The SC held that the Khyber Pakhtunkhwa Local Councils Naming and Renaming of Public Places Rules, 1994 (the Rules) stipulates a specific procedure for naming or renaming a public place, like a park, a school or a road etc. The relevant portion of the rules is as follows:
“2. A Council may, with the prior approval of Government, assign a name to a road, street, square, park or any other public place or change the name of any such road, street, square, park or any other public place. Provided that no such name shall be assigned or changed, unless the proposal of naming or re-naming, as the case may ben, has been published in press for inviting objections and suggestions of public in such manner as a Local Council may determine” .

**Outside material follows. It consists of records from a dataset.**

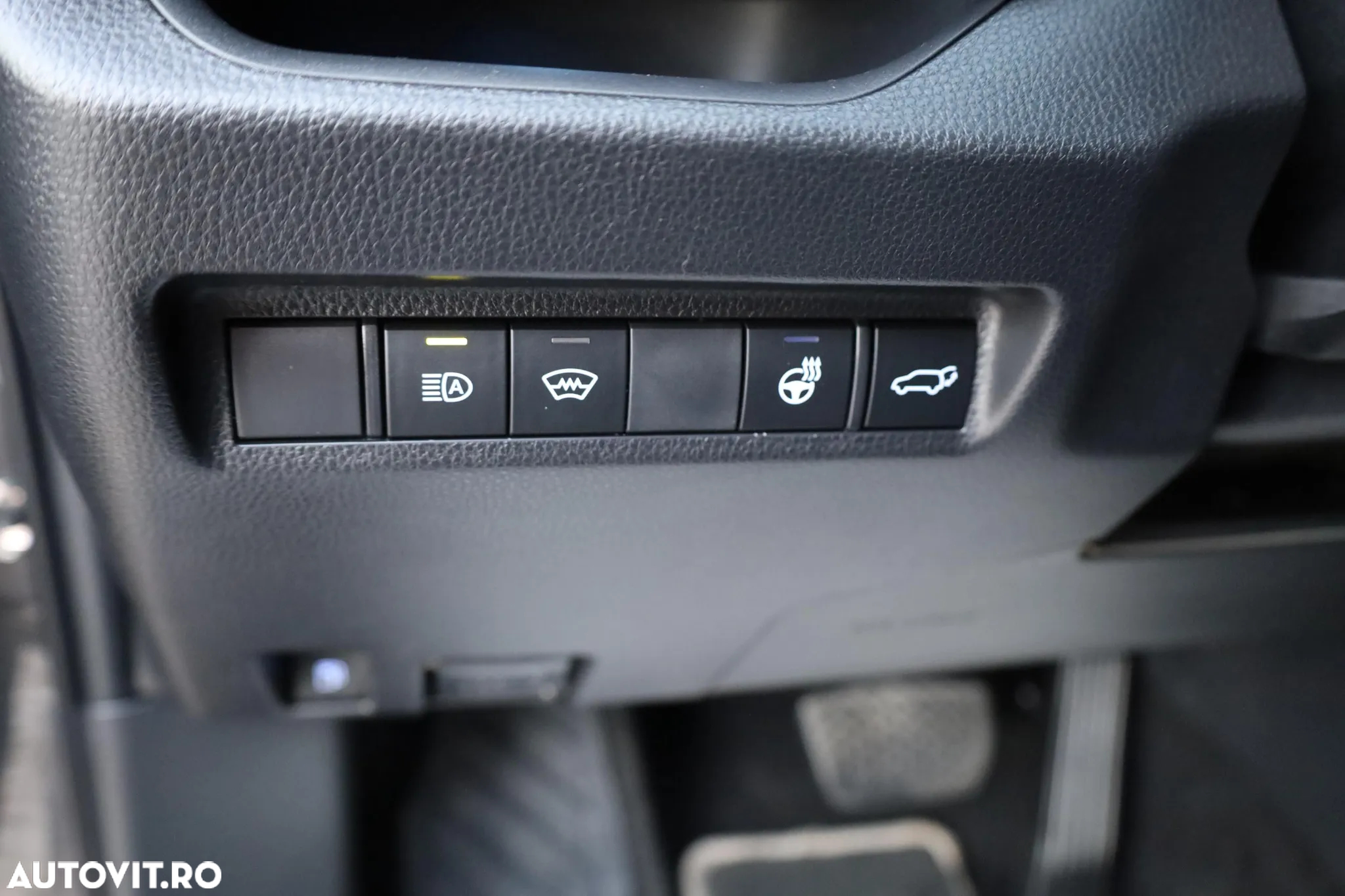 Toyota RAV4 2.5 4x2 Hybrid Style Selection - 22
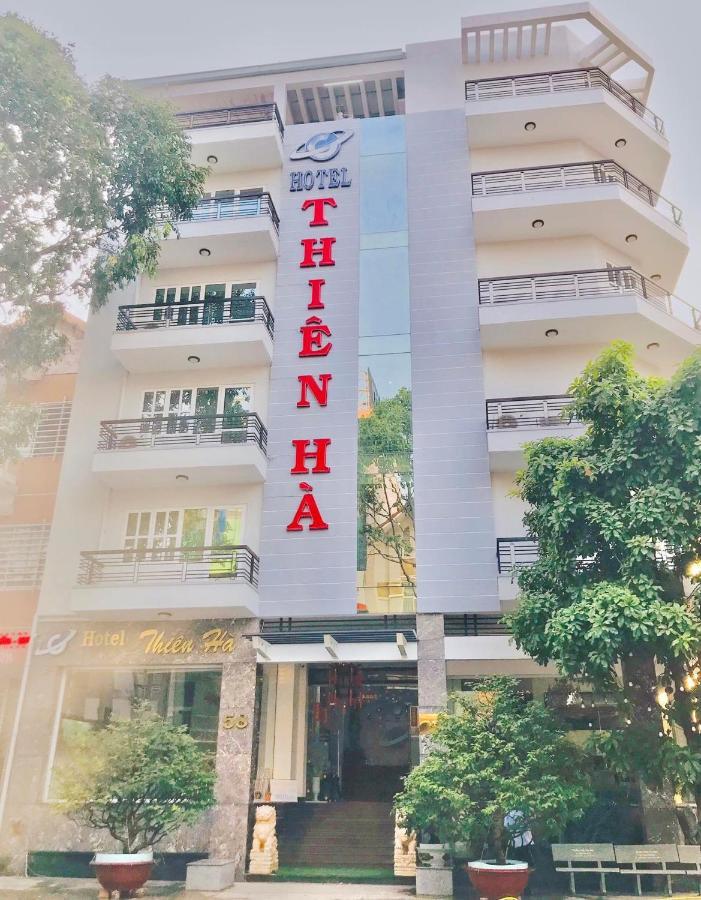 Thien Ha Hotel Thu Dau Mot Exterior photo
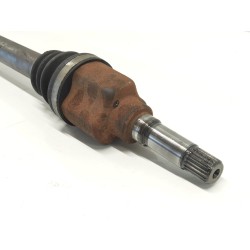 Recambio de transmision delantera derecha para peugeot 207 confort referencia OEM IAM 9659317980  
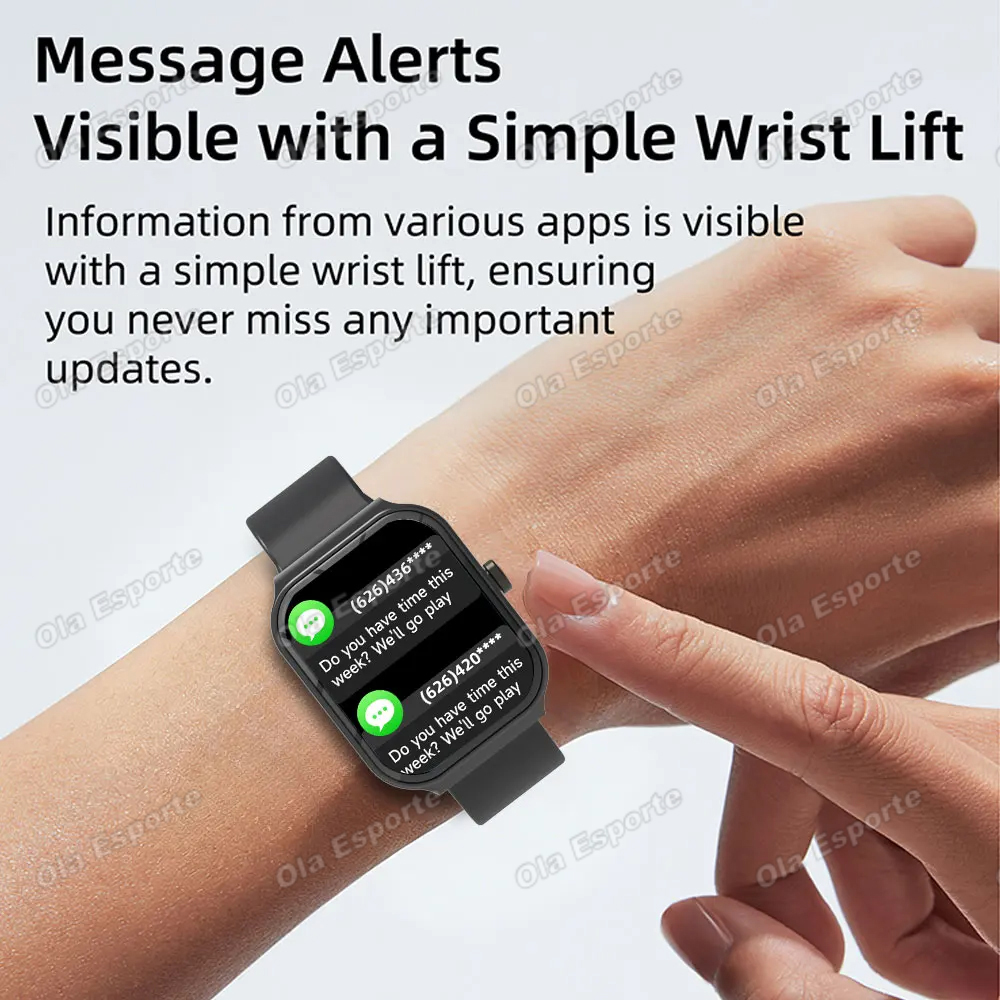 Smartwatch Plus per Uomo e Don - Turkey Women Fashion recensione e prezzo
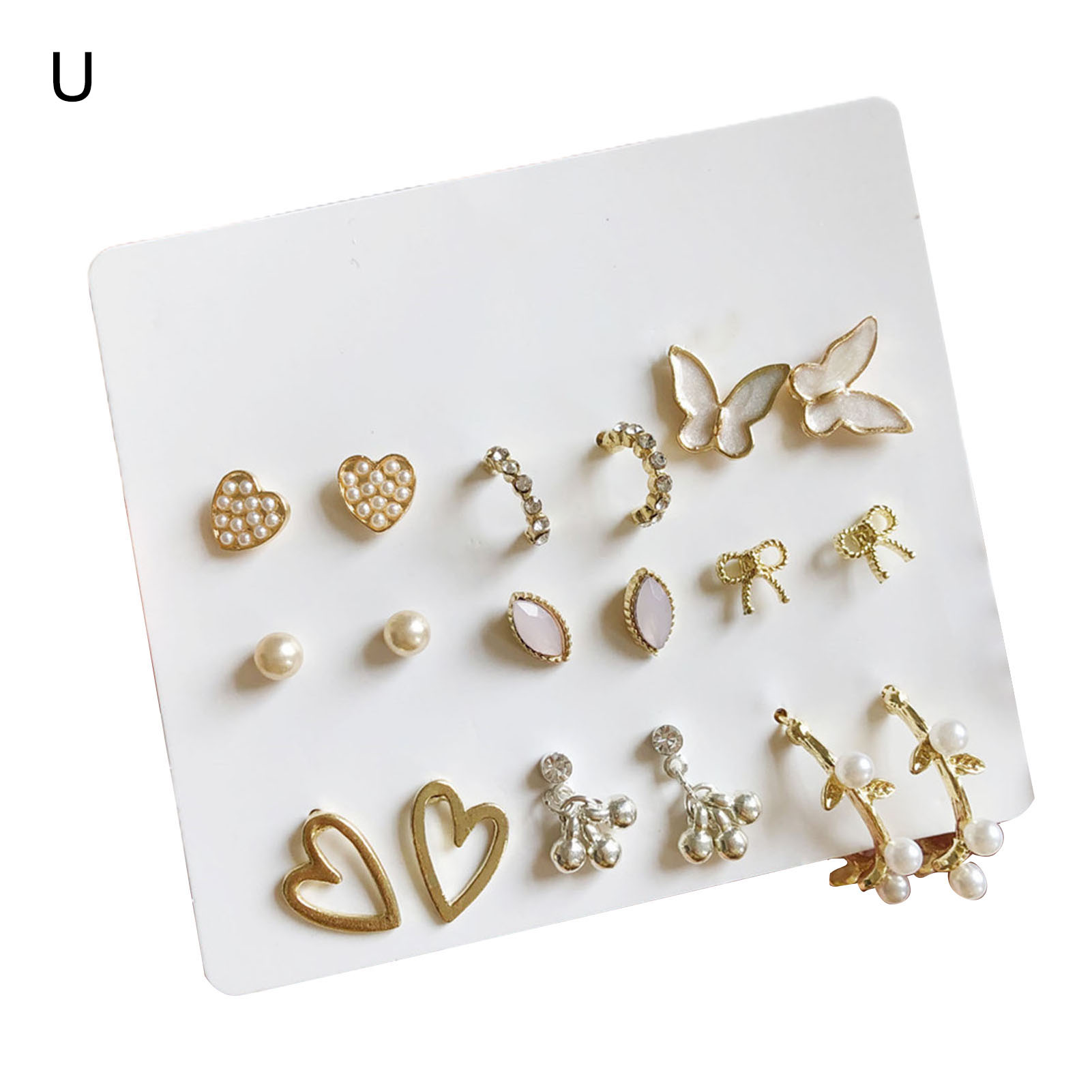 Earrings daraz deals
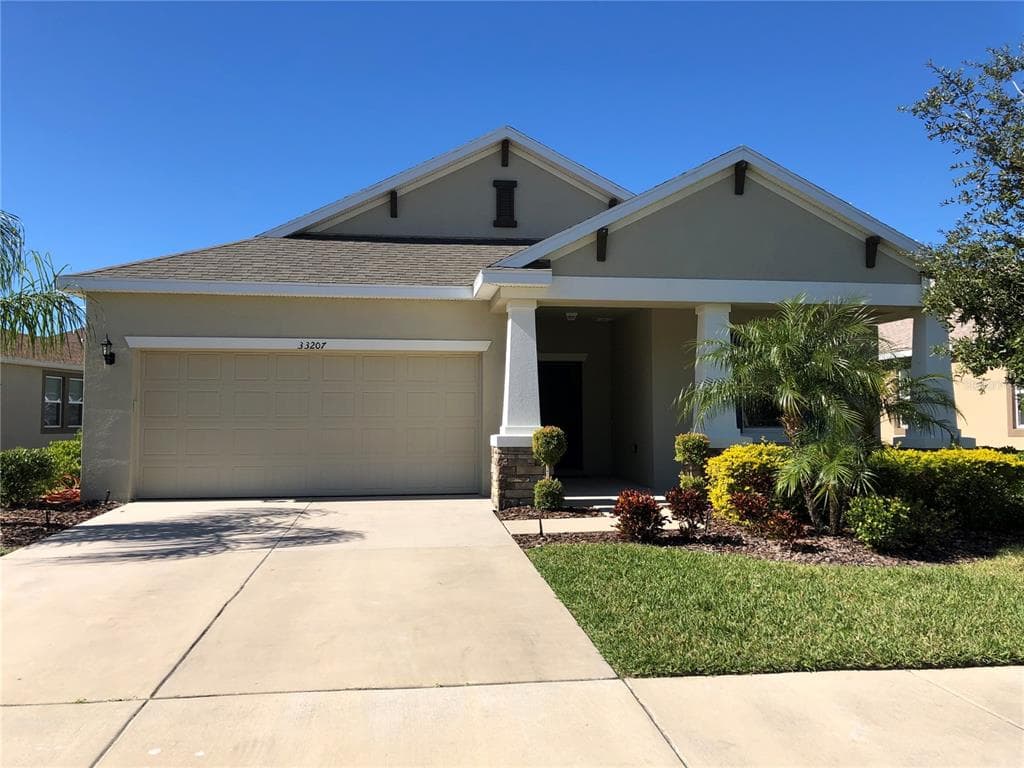 33207 WHISPER POINTE DRIVE WESLEY CHAPEL, FL 33545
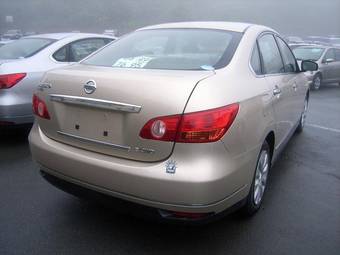 2006 Nissan Bluebird Sylphy Pictures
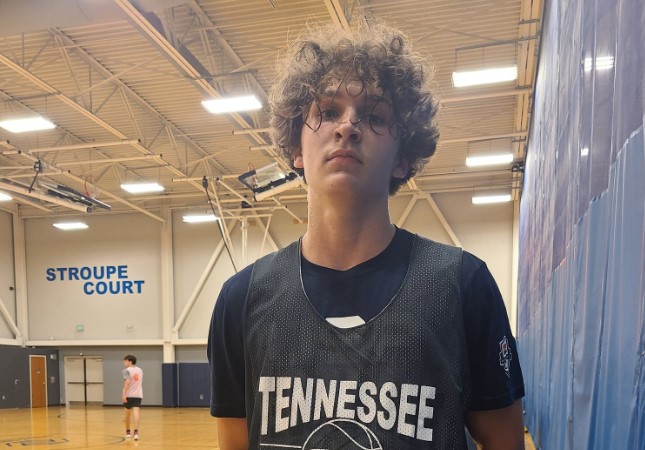 Extremely Coachable: 2026 Aiden O’Leary (TN)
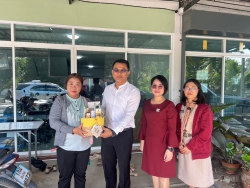 20250103035057.jpg - โรงเรียนสันทรายหลวง นำโดยผอ.ประพันธ์ ทองหนัก ร่วมสวัสดีปีใหม่ 2568 | https://ssl.ac.th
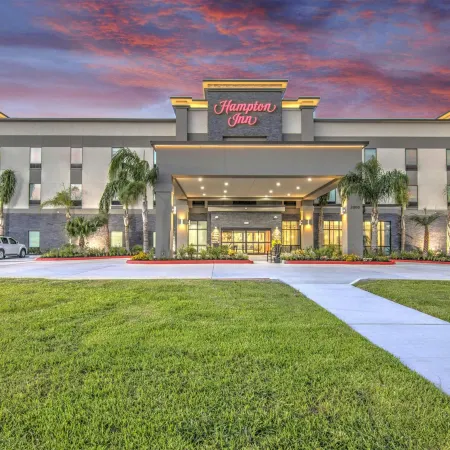 Hampton Inn Houston NASA Johnson Space Center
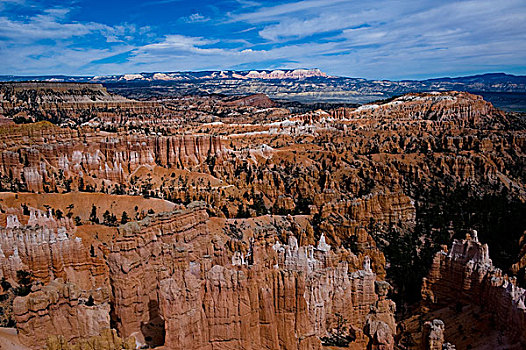 美国布莱斯峡谷国家公园,brycecanyonnationalpark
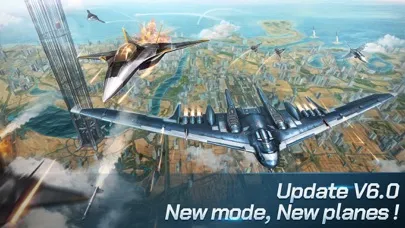 Air Combat Online Screenshots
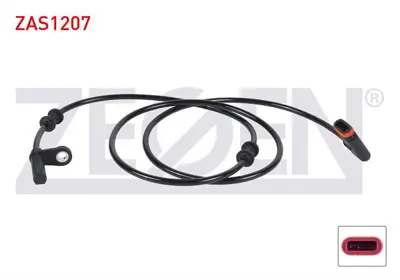 ZEGEN ZAS1207 Abs Sensoru Arka Sol Mercedes C Serısı (W203) 2000-2006 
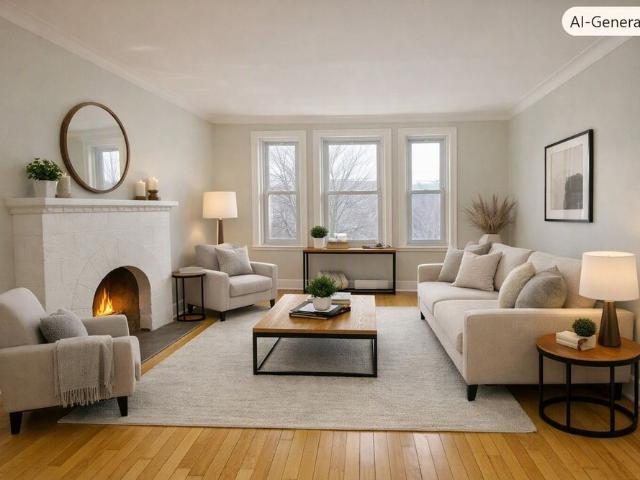 Apartment for rent in St. Leonard's, Quebec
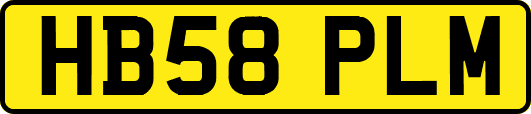 HB58PLM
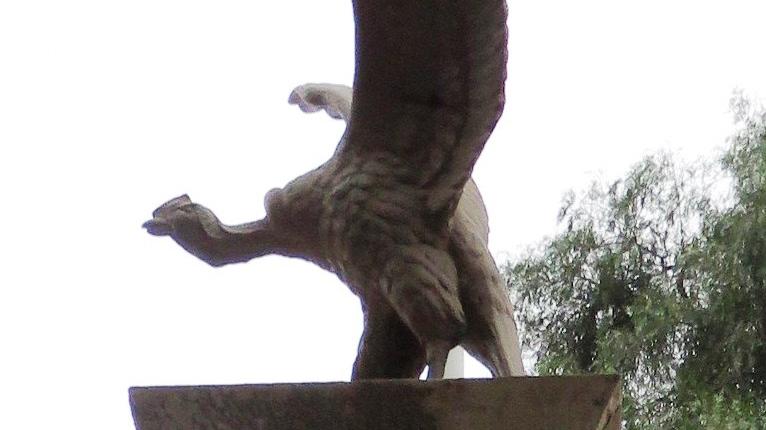 Imagen del monumento Cóndor De Chile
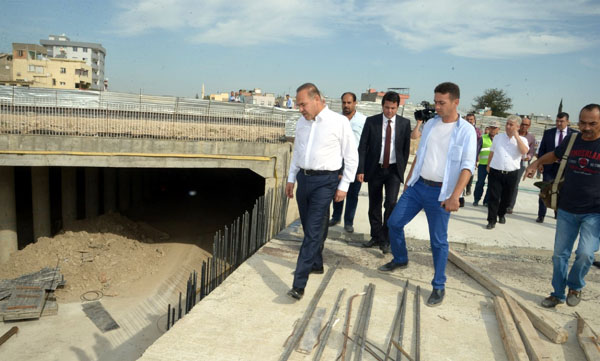 Büyükşehir Adana’nın geleceğini planlıyor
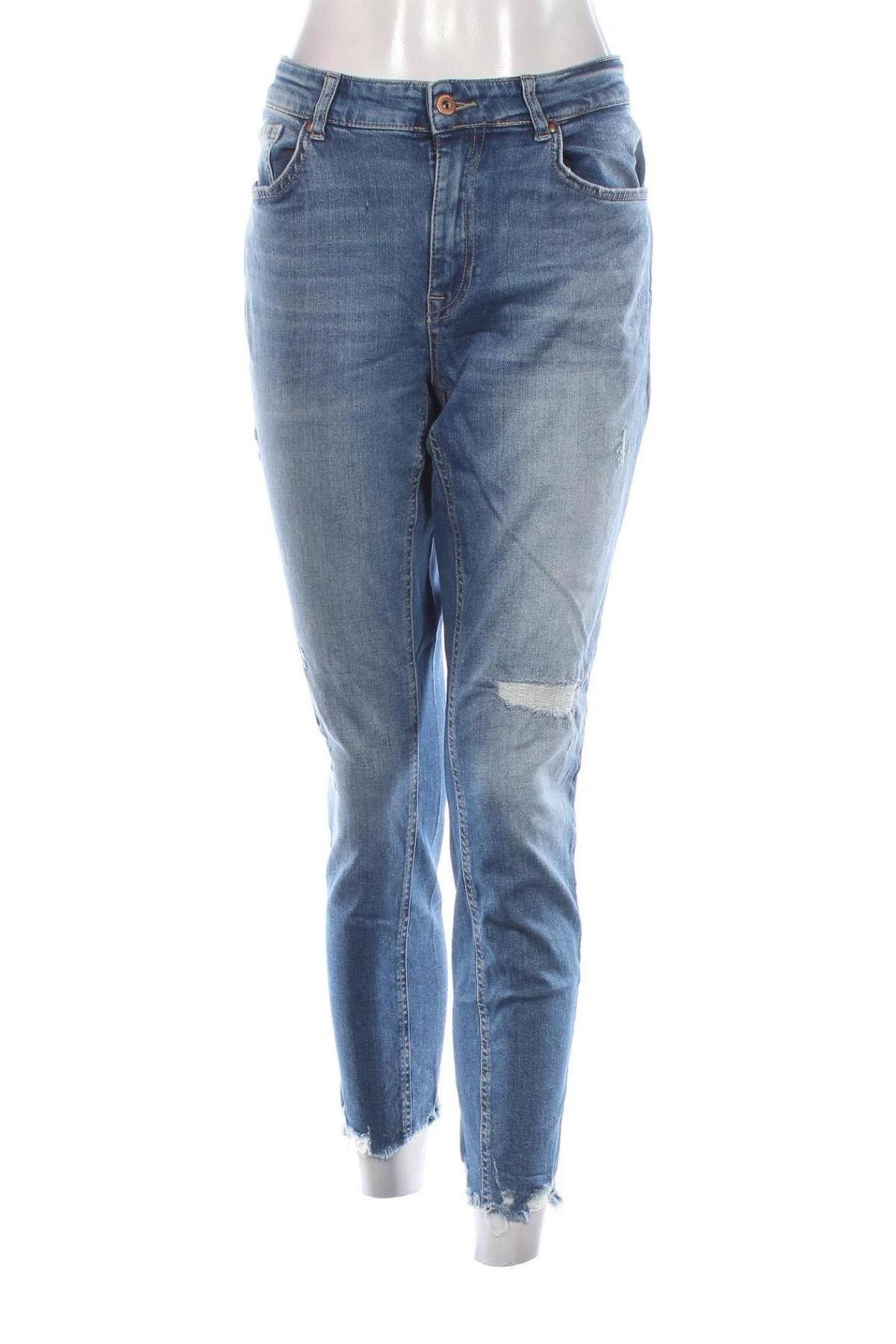 Damen Jeans ONLY Carmakoma, Größe XL, Farbe Blau, Preis 13,49 €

The Court asserted that though these rules do not provide a mechanism for changing a name of a public place, but the said procedure which is provided for naming or renaming a public place may also be adopted for changing name of a public place. Before changing the name of a public place, a news in this regard shall be circulated among the inhabitants of that locality by publication in the newspaper; objections through the said publication from the general public of that locality shall be invited and an opportunity of hearing shall be afforded to the objectors. Only then, a government can decide to change or not to change a name of a village or any public place.
The SC upheld the decision of the PHC and dismissed the appeal.